The past decade has seen an explosion of interest in so-called "dynamic" or "scripting" programming languages, which emphasize programmer productivity at the possible expense of run-time performance. Among other applications, scripting languages are central to much web-based and mobile computing. With increasing use, and with the proliferation of multicore processors, there will be inevitable pressure to improve the performance of these languages through parallel execution. Unfortunately, the state of the art in parallel scripting has not kept pace with parallel architecture developments. While many scripting languages support asynchronous handling of events from the external world, programmer-centric features, like dynamic typing, make it very difficult for event handlers and the main program -- or multiple aspects of the main program -- to execute efficiently and simultaneously on separate cores of a modern processor.
The goal of this project is to build a detailed understanding of the tradeoffs between scripting language design and the performance of parallel execution. This goal is accomplished through two main tasks: (1) minimizing the overhead necessary to safeguard the language implementation in the face of parallel execution, and (2) quantifying the marginal cost of different models of data sharing and memory consistency. The bulk of the work takes place in the Ruby scripting language, widely used for Internet server development. This approach will leverage recent developments in transactional memory, read-mostly synchronization, and high-performance data structures.
This project will contribute directly to the training of students at both the graduate and undergraduate level, and to curricula for courses at both the advanced and introductory level.
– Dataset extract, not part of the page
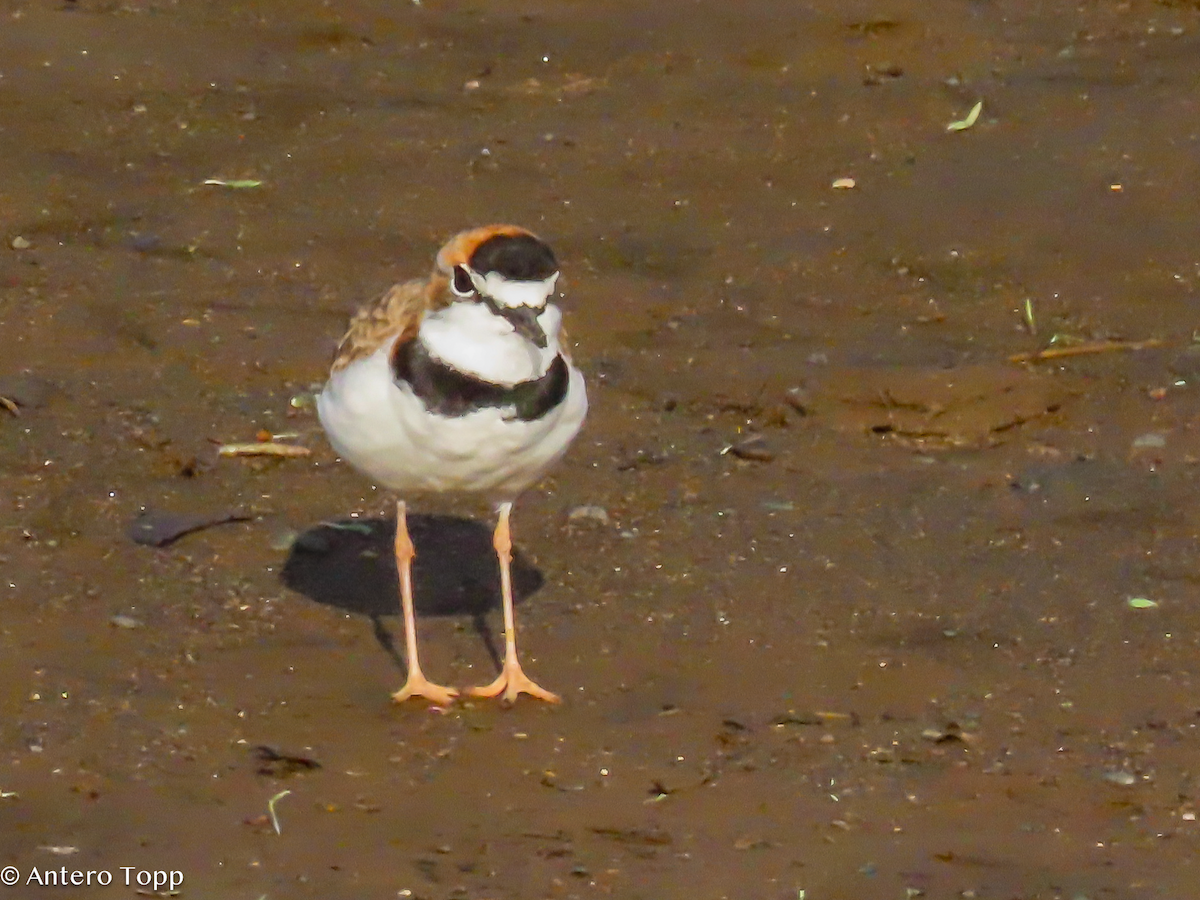 Collared Plover - ML646319130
More broadly, effective support for parallelism in mainstream scripting languages can be expected to produce significant improvements in productivity across the full range of computer applications, in government, industry, science, the arts, and entertainment.
Modern computers solve problems quickly by arranging for multiple processors ("cores") to collaborate on the solution in parallel. Writing programs for these computers is hard, for many of the same reasons that it is hard to coordinate the activities of human beings collaborating in the physical world. The difficulty is exacerbated in computing by the fact that, until recently, programming languages for parallelism were designed for use only by experts, and only for the most complex and demanding problems. The emphasis has been on making the complex cases possible, not on making the simple cases easy. Work under this grant has taken important steps to improve this situation. It began with the assertion that parallel programs will be easier to write and understand if their behavior is deterministic -- if output depends only on input, and not on the detailed interleaving of the actions of the cores. Drawing on experience from multiple research groups, we were able to formally characterize the meaning of "deterministic" -- to show that there are multiple possible definitions, and to explain the impact of those definitions on ease of programming, debugging, and performance. Building on this formal foundation, we developed a deterministic parallel dialect of the widely used Ruby programming language. Ruby is representative of the "scripting" family of languages, in which ease of programming is of paramount performance, and parallelism has, historically, been particularly challenging. Using our language and implementation, we demonstrated that the "simple case" in parallel programming -- in essence, the identification of "mutually independent" subcomputations -- can indeed be easy to express. Moreover, independence, which is needed for correctness, can be verified automatically and efficiently. Experience with our Deterministic Parallel Ruby (DPR) suggests that it can be a powerful tool not only for commercial development, but for the teaching of parallel programming as well.